Just finished lesson 2 and I was able to grasp everything except this. Jeremy said an Epoch is “looking at all the data once”
but what does it mean to have 2 epochs? If the loss post SGD is ,let’s say 2, after 1 epoch, how will the 2nd epoch borrow info from the first?
What will the 2nd epoch do? start where the first one left off? or just do a separate SGD with different starting parameters?
Can’t wrap my head around it!!!
You can find a lot of explanations on internet.
As an example in that link:
Finally, let’s make this concrete with a small example.
Assume you have a dataset with 200 samples (rows of data) and you choose a batch size of 5 and 1,000 epochs.
This means that the dataset will be divided into 40 batches, each with five samples. The model weights will be updated after each batch of five samples.
This also means that one epoch will involve 40 batches or 40 updates to the model.
With 1,000 epochs, the model will be exposed to or pass through the whole dataset 1,000 times. That is a total of 40,000 batches during the entire training process.
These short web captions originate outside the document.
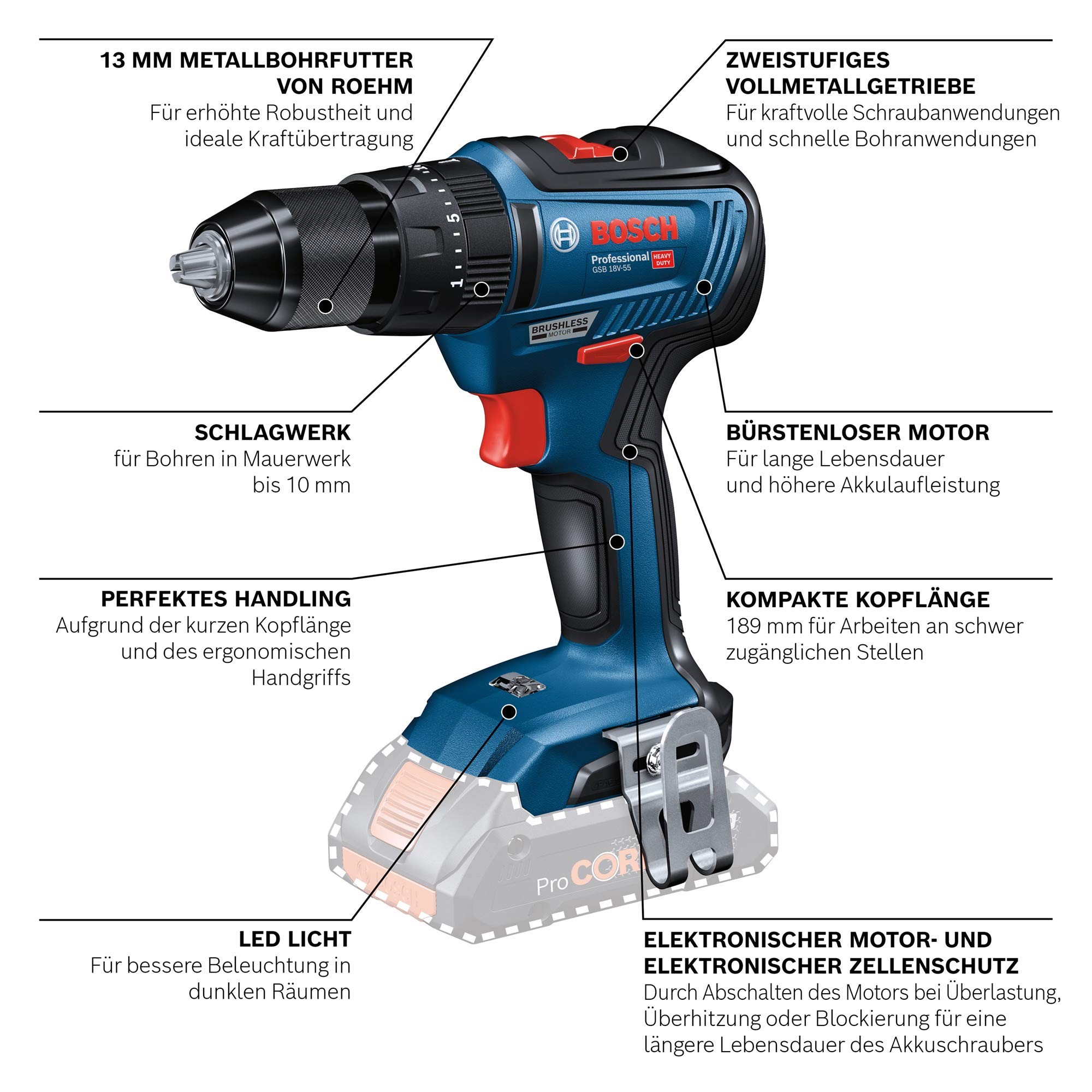 bosch-professional-18v-system-akkuschrauber-set-gdr-18v-200-gsb-18v-55-b-rstenlo image 3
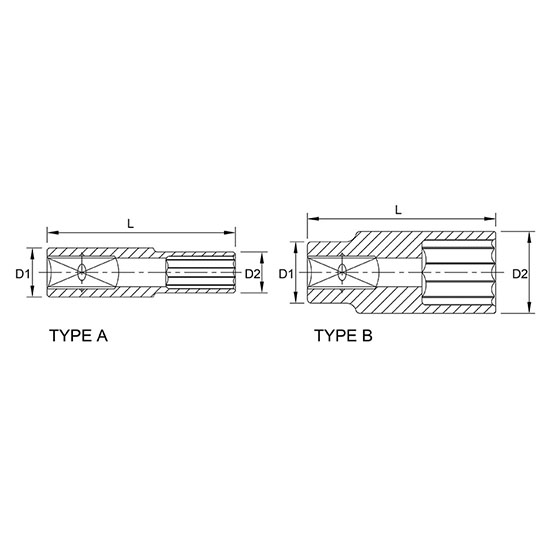 Cheie tubulara adanca TOPTUL BAEF1608, prindere patrat 1/2 inch, profil bi-hexagonal, deschidere cheie 8 mm, lungime 77 mm, crom vanadiu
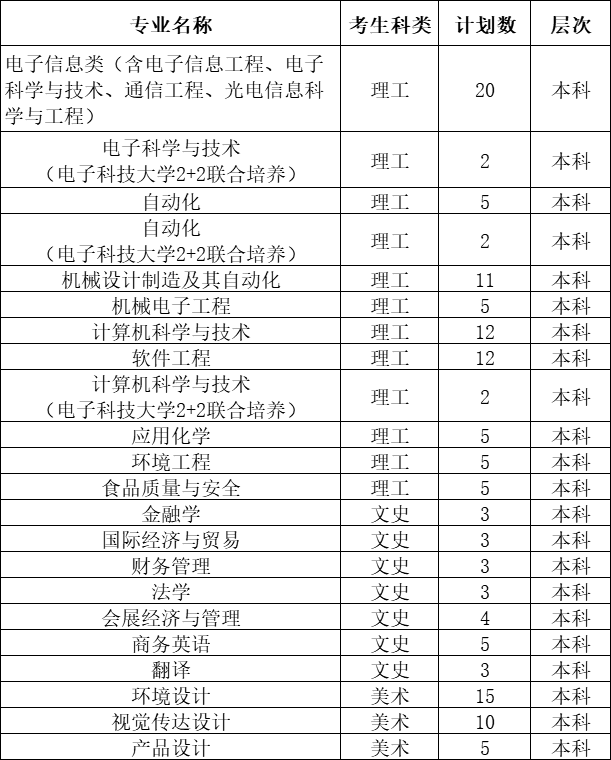 2020긣ʡƻ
Thank you! That cleared it up! so it is essentially just a continuation of the process
Even I am slightly confused with the concept of epoch. Say that for the first time I train my network with 20 epochs, and I find out that at 8th epoch I get the lowest error, should I retrain my network with 8 epochs? And should that be done after unfreezing or without unfreezing?
Please suggest as I am slightly confused with the steps.
Hey if you’re error gets consisently worse after the 8th epoch, then yes you overfit. So you should stop somewhere around the 8th epoch.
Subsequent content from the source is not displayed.